The Santanam Committee, in 1962, called for the creation of an ombudsman—the Lokpal. Despite two attempts, in the 1970s and in 1997, the Lokpal could not get established. Thanks to the Anna movement, and the astonishing performance of the Aam Admi Party in Delhi, the Congress, in desperate self-defence, has been forced to legislate it, having brazenly filibustered its passage for decades. No political party really wanted a Lokpal—who wants an umpire when the players make the rules, break the rules, change the goal posts, do their own fixing and act as their own investigator, prosecutor, judge and jury.Which absolute ruler of a country wants an umpire to sit over him in judgment? That the Lokpal has been thrust on our political establishment is proof that our democracy is alive, is active, and can have decisive impact when the occasion demands.

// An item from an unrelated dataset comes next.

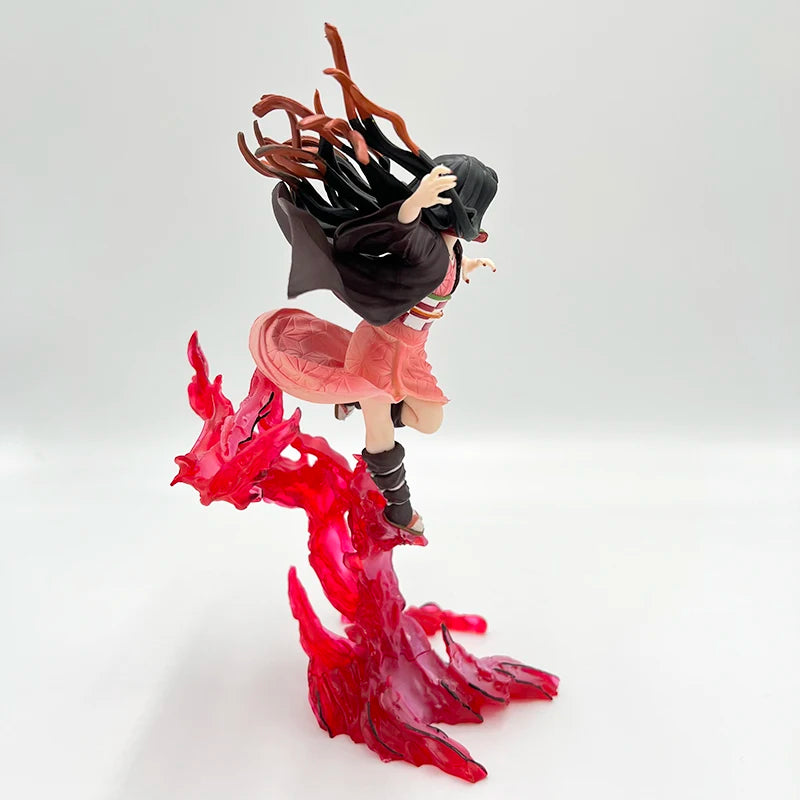 24cm Demon Slayer Figure | Figure representing Tanjiro and Nezuko Kamado using the Demon Blood Art. This figure is ideal for fans and collectors of Kimetsu no Yaiba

Apart from the rule of law, theoretically applicable to every citizen and every segment of our society, each group has inbuilt checks and balances to regulate its actions, at least to some extent. Thus the bureaucracy, lawyers, doctors, businessmen, shopkeepers and every other group are all subject to a system of supervision and regulation—this applies to all except our political class. Indeed this has been a gaping flaw in our Constitution—there was no provision to ‘suspend’ a political executive on prima facie evidence; the full process of law had to be applied to take a person out, which could happen only after conviction. Witness how a Lalu Prasad or a Sukhram could continue in office for decades, while delaying legal action against them. Contrast the position of a Durga Nagpal who could be ‘suspended’, without any process, within 20 minutes, on verbal orders. Indeed, the Lokpal will remedy the situation, to provide a prima facie, first-look examination of wrongdoing by the politician (of which there is no shortage). It can be surmised with much justification that if the Santanam recommendation had been implemented decades ago, the quality of governance in India would not have crashed to the lows we have seen in recent times. The great significance of the Lokpal Act has not been comprehended by the general public.

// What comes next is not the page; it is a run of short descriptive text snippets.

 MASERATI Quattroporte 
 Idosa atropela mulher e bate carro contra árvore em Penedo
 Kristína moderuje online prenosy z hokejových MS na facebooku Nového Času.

Much of the debate in English channel TV programmes has been on highly superficial lines, speculating as to who will take the ‘credit’ for the Lokpal Bill, and whether this will ‘launch’ the takeoff of Rahul Gandhi in the next elections. The fact that Lokpal was kept at bay for nearly five decades is an indication of the combined knowledge and fear of the potential of this institution to keep a watchful eye on the political class. The real credit has to go to the people of India, triggered by Anna Hazare, to hammer home this development, against the combined might of our rulers.

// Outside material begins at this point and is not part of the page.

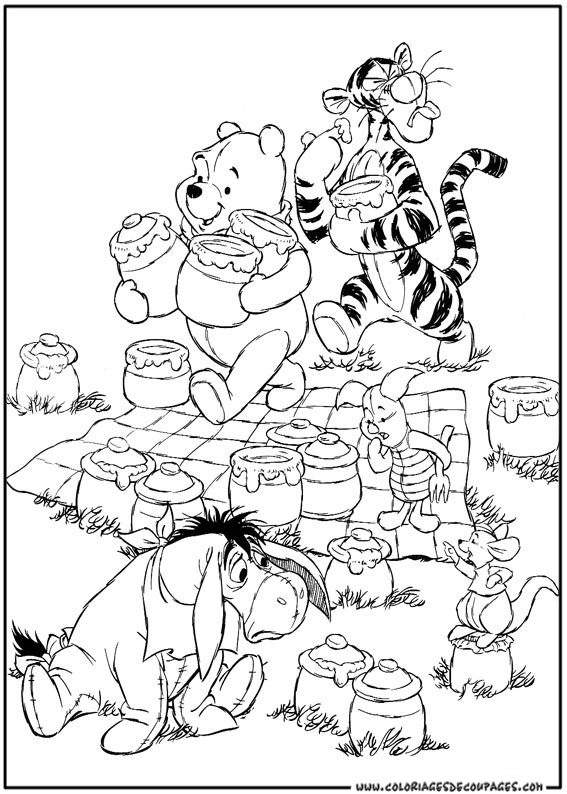 Winnie l'Ourson se prélassant dans la forêt avec ses amis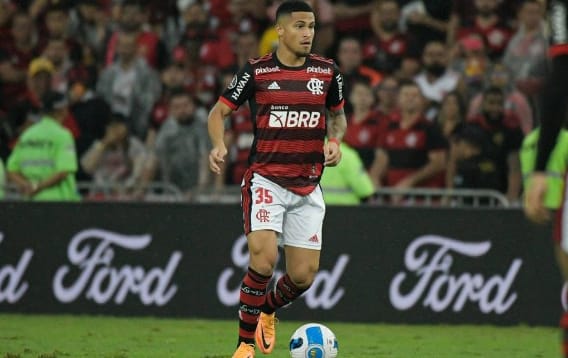 João Gomes bate pé pela Inglaterra e Flamengo definirá se aceita ou aborta venda antes de Mundial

There need be no celebration yet that the beginning of the end of corruption is with us already. The significant aspect is that the tide is turning. The steep downward slide in the quality of governance is now slowly being reversed. There is so much unfinished business which has not even started. Mechanisms to bring in the Lokayukta, total liberation of the CBI from government control, whistle-blower protection legislation, an effective Citizen’s Charter, a strong and swift grievance settlement mechanism, all of these combined with measures to support the ability of the public servant to take swift, fair, timely and decisive action without fear of being hounded are yet to be brought on to the table.
The RTI has taken a decade to come into its own. The principle that government involves management of public affairs to be conducted transparently, openly and fairly is now getting accepted. The media, with all the chaff, vapid noise and vacuous posturing, is now on the side of the angels—clamouring for reform and change in governance standards; reflecting the mood of a young population. The Supreme Court has stepped in effectively into the gap provided by a non-functioning Parliament and a venal executive to give new direction —clearly reinforcing the fact that we have a robust Constitution which can adjust to the need of the occasion. The coming of age of constitutional and statutory bodies, as well as the new vigour and strength of ‘civil society’, are all pointers that the misery of the citizen has bottomed out and that the quality of governance can only improve. The days of the venal politician and the inept bureaucrat, who hitherto treated the country as their personal playground, will surely end soon; all the signs are there. These developments need a few more years to crystallise and start showing results.